To provide the most relevant and useful search results, modern search engines must try to correctly predict what people are trying to accomplish. If someone types the query ‘florida songs’, the engine has to interpret whether the searcher meant songs about Florida, or songs by rapper Flo Rida, or something else. It’s difficult to know the right interpretation without asking the person who typed the query, or deducing their intent based on their behavior. That’s where online measures come in, these are the ones that involve feedback from a real user in context of what they are doing.

image

At the same time, we’d like the search to return results of high quality. For instance, imagine two pages with the same information, but one has many more ads and pop-up windows. Imagine two pages with the same information, but one is from the National Institute of Health and the other is from an abandoned health blog with only one entry. Or imagine two pages from the same site, but one directly answers your query while the other one requires you to browse within the site. To tell which pages are best, we perform offlineevaluation. We write detailed guidelines on what constitutes a high-quality page, and ask trained experts to annotate which pages are best.

Now the problem. The paid experts, despite all their training, have difficulty guessing correctly whether it was Florida or Flo Rida. The only person who knows the correct interpretation is the one who typed that query, and we need their online feedback to identify the true intent. Meanwhile it is difficult for online experiments to detect subtle issues with page quality. People who see slightly the wrong page or the wrong site may still find the information they need but we could have provided a better result. To identify such problems, and define guidelines on what constitutes a good search result, we use offline annotations from our trained experts.

We need both online and offline measurement to correctly measure relevance. Now let’s look at how we employ online metrics.

Using Online Evaluation

A typical online experiment compares some new version of Bing to the existing version, to see whether the new idea is an improvement on average. When we set up such an experiment, we want three things. First, it must give the right answer. This might seem obvious, but if people prefer the new version we want our experiment to detect that in a reliable way. Second, the evaluation must not degrade the search experience. For instance, we could pop a window up to ask you whether you were successful after searching, but that would be intrusive and annoying. Ideally you would not even know that you are in an experiment. Finally, we would like the evaluation to give us an answer fast.
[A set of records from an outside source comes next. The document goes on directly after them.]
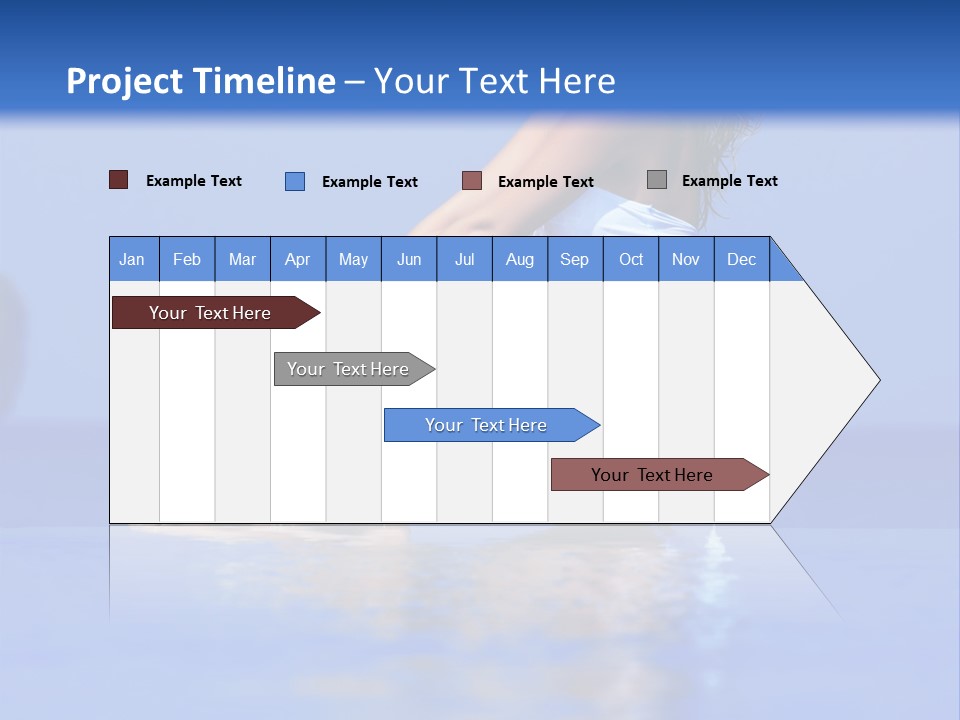 Bullet Offset Arm PowerPoint Template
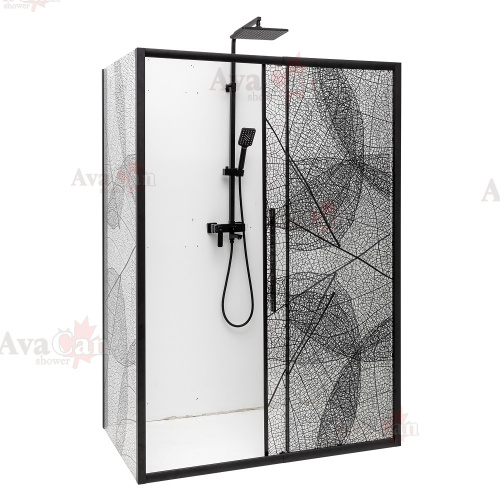 Душевой уголок AvaCan FB 120-140  + SB 100 фото 4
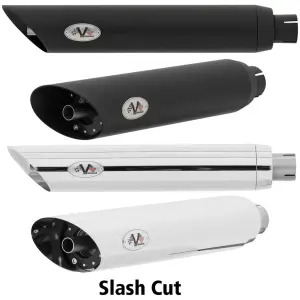 V-PERFORMANCE SLIP-ON MUFFLERS FOR VICTORY Twin Slash/Cut Chr mfflr set D. 80mm Vic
If an idea makes Bing better, we would like to have it out the door as soon as possible. If an idea fails we want to know that quickly too, so we can stop showing it to people.
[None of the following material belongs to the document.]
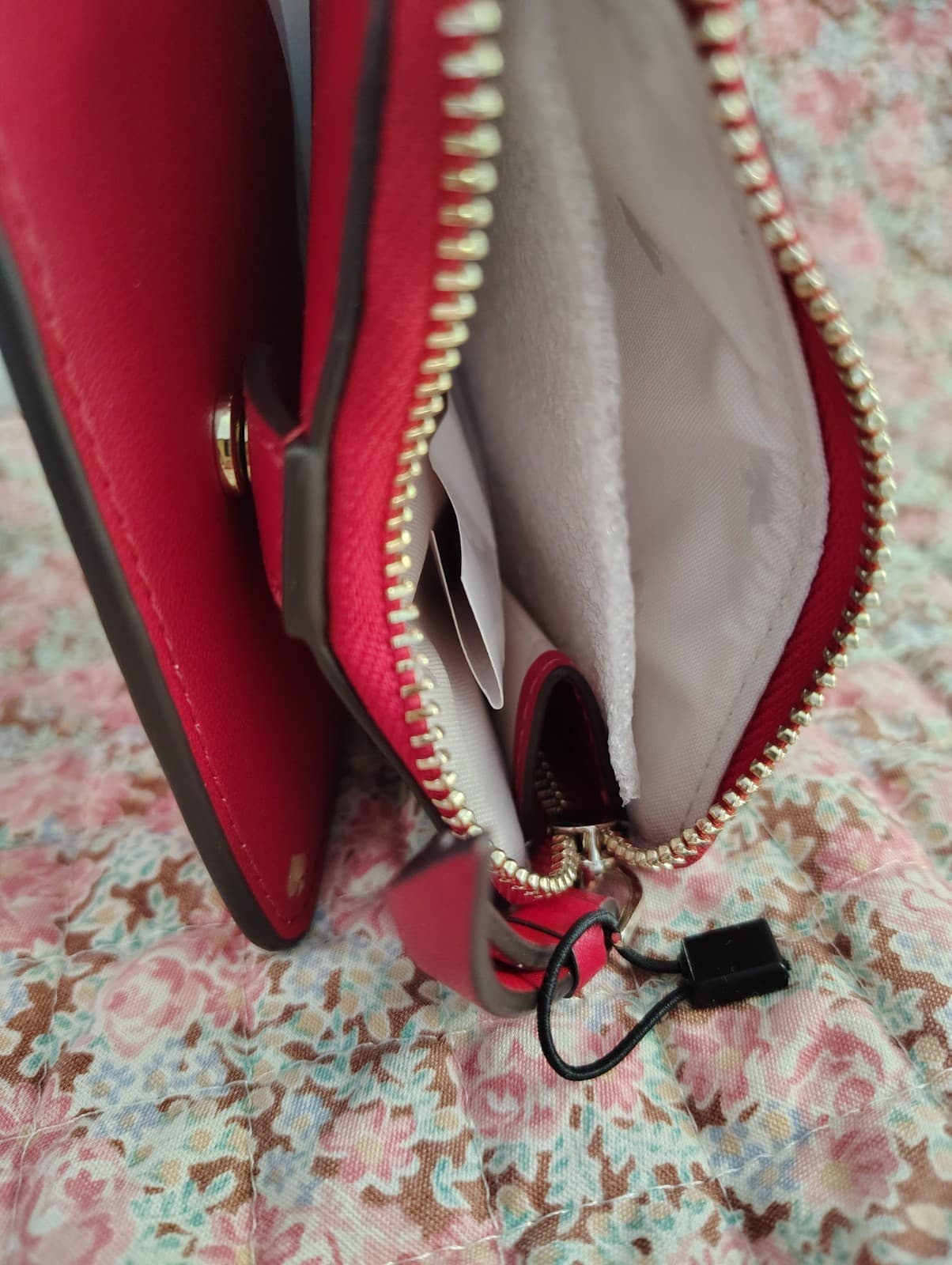 NWT Kate Spade Cameron Small Zip Bifold Wallet Printed Gifts Pink NIB $140 - Thumbnail 13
Since there is no questionnaire, the main thing we can observe is your search behavior:

· You enter your search terms, we retrieve results, and you respond to these results by clicking on some, or typing a new query.

We do an online evaluation by measuring these responses.

To compare the two versions of Bing, one option is to do a controlled experiment, which is also known as an A/B test. Each person in the experiment is assigned either to a control group that sees system A or a treatment group that sees system B. We then measure the responses of each group, to try and infer which system was better. For instance, if people in group A select results more quickly than in group B, that would indicate that system A is better, all other things being equal. Our researchers spend a lot of time studying controlled experiments[4] to understand how changes in user responses correspond to improvements in user satisfaction.

An alternative to an A/B test is called a paired comparison, where everybody is shown a mix of the results produced by both the A and the B systems. This way, everyone sees some results that come from Bing today, and some from Bing with our new idea.

image

It is a blind experiment, meaning that you can’t tell which came from Bing today, and which came from our new idea. Showing A and B together means we can elicit a direct preference, telling us whether people preferred results from A or from B. This direct preference means that a paired experiment can reach its conclusion much more quickly than an A/B experiment. Another advantage of combining A and B is that it avoids the downside if one list is much worse than another. For example, if B fails for some query then nobody is stuck with just B, they still see some of A.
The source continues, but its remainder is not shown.